I made a huge mistake that to be honest I am embarrassed to admit to. Yet for some unknown crazy reason I have determined it is ok to blog it. What did I do? I didn’t test a new piece of software before I installed it on a server where it could impact my monitoring tool.
The whole mess started when a company contacted me about testing some new software they had just released about 6 weeks ago. The software is supposed to be an auditing product that will allow you to provide a solution that is somewhat close to the feature sets that are offered with SQL Server. There are some added features that made it somewhat interesting for a test. I installed the product on a server that is not critical for production operations my monitoring server. Within a few hours I started to be alerted to some slow I/O; the good news is that I was able to put one and one together and determine that the Audit product I installed was the cause of the I/O issue.
Finding this behavior completely unacceptable I took actions that I thought would resolve the issue. I uninstalled the product… I should be all good, right? For good measure I sent an email over to the company, I was going to do a product review and I wanted them to know what I was seeing, the email was pretty short and clear.
Do you have any added information on the impact that the tool had on the server?
I could not say at the time what caused the performance issue exactly, I knew it was the new software because of a couple items, first all the issues stopped the second I removed the tool, and the most telling was the fact that pre software install my SQL Server was running fine, after the install I was looking at 10 second write times.
I received an email back that said:
I have talked to my technical team about this issue. They told me that our tool doesn’t impact server’s performance.

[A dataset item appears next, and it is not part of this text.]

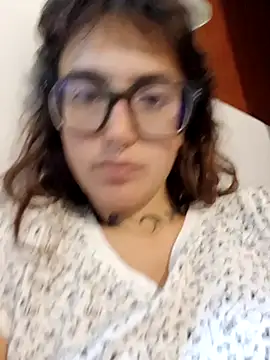 Snapshot of Blulilla69 chatting on September 29, 8:19 am Blulilla69 online show from September 29, 8:19 am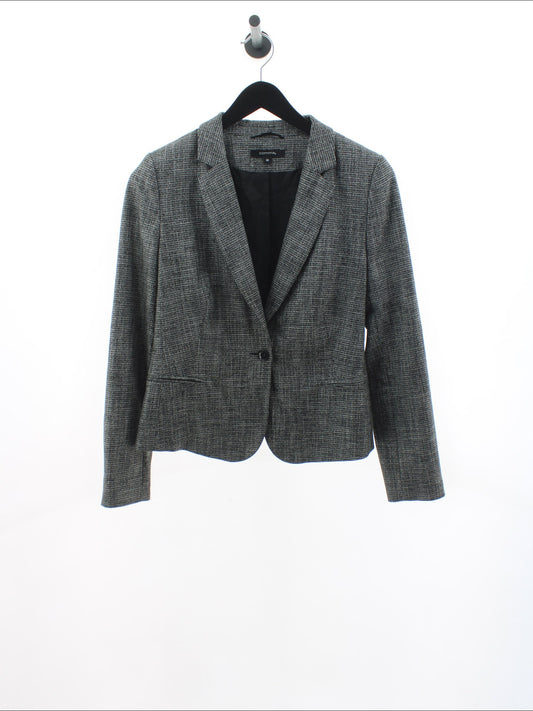 8a7124a689a1338575806f45e9899309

I knew immediately that this was not going to work, there was nothing more to the message and I realized that it is obvious they have not done enough testing. I was going to send them a few emails and see what we could do to reach across the table and see if I could help, but as life goes life got busy. As time went on and I forgot about the problem, that was until last week. I ended up having a different issue that caused me to open my performance tool to see what clues I could gather, this is when I found that my monitoring to was struggling to do anything. I had completely forgot about the Audit tool that I had removed before, I had removed it so why should I even consider it…

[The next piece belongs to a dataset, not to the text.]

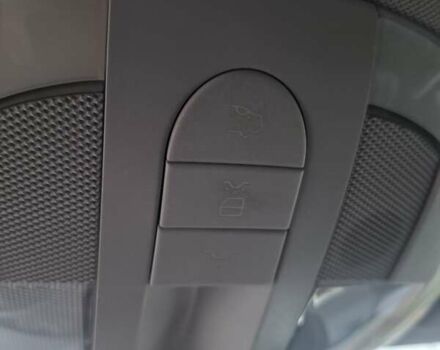 Серый Мерседес Е-Класс, объемом двигателя 3 л и пробегом 281 тыс. км за 8400 $, фото 32 на Automoto.ua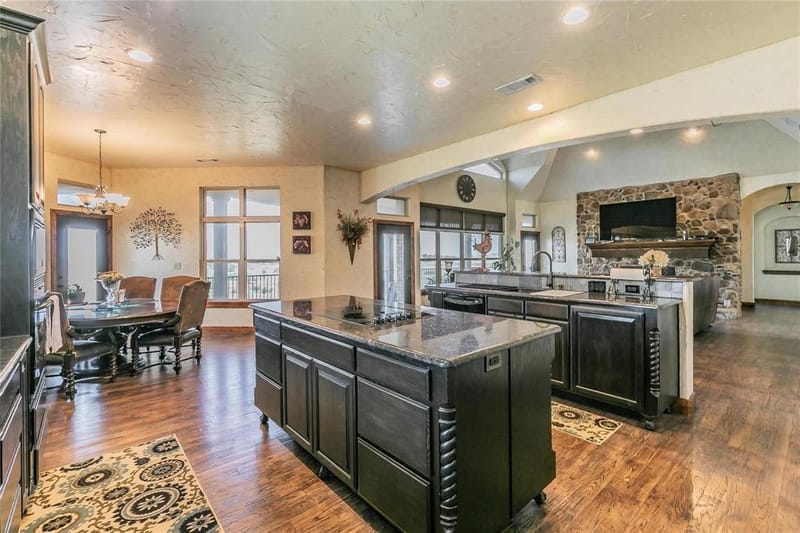11525 Eagle Vista Drive, Fort Worth TX 76179 - Photo 12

One would think that there were some obvious signs that the tool is either not ready for prime time, or does not meet the standards of the tools that I want to use:
- The tool wanted elevated security access.

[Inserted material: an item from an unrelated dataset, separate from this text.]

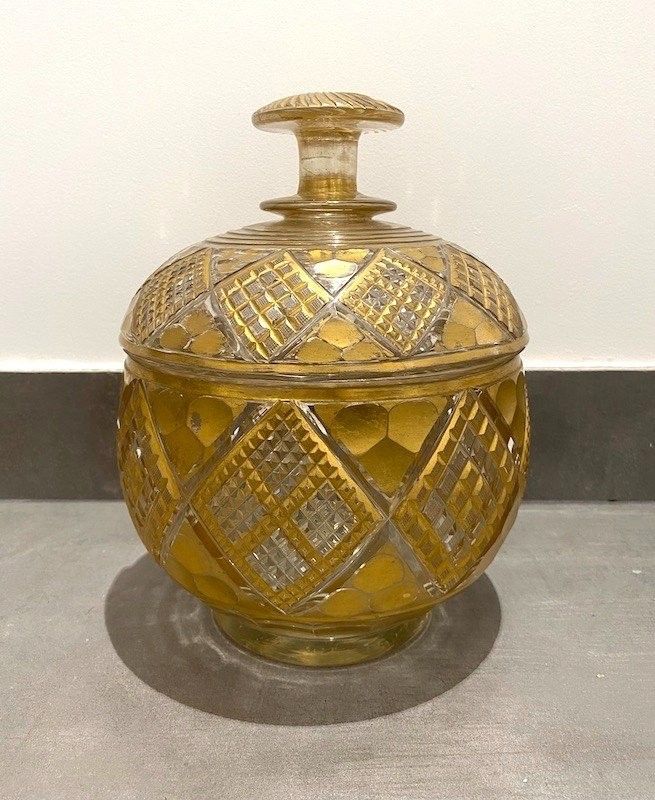 Crystal punch bowl and lid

- The supporting documents included all of about 5 pages of screen shots. I asked about this and was told more is coming, however I don’t see them on the site yet.
- I have never heard of the tool, and had not seen other reviews on it.
Now let’s move a few weeks forward…
Performance issues struck again.
Well, to sum up a couple of really frustrating days not only for myself but for the poor guys that run the support desk for my monitoring tool. We stumbled on to a few things.
First of all the support guys at SQL Sentry thought that we should take a look just to verify that there were not any traces running, easy enough…
The results had two that I had expected, one was a performance trace that is filtered and expected. The second one was the default trace, but for the life of me I could not figure out what the third one was. I admit my age is starting to reach the point where I can’t remember what I ate for breakfast most days, but I had no clue where or when I created a trace called mytrace.trc. In addition to not knowing the trace it had just started the night before we found it based on the creation date, now granted the server was rebooted. I looked for what I thought could start this trace, then it occurred to me to look for a startup procedure. Found a great post here where I found this quick query.
And there is was…
The audit tool that I installed did not remove the startup procedures in the database. So when I uninstalled the tool, and more or less considered the issue closed, there were items that were left behind that caused issues weeks later. My point is, be careful on what you install. I tried to do that, but when I determined that I needed to remove the product I found that the same effort the company dedicated to rolling out the product was much more than the effort they used to remove it. I should not have had to learn this lesson the hard way, but we all make mistakes. I can tell you that I will learn from this mistake, and it won’t happen again.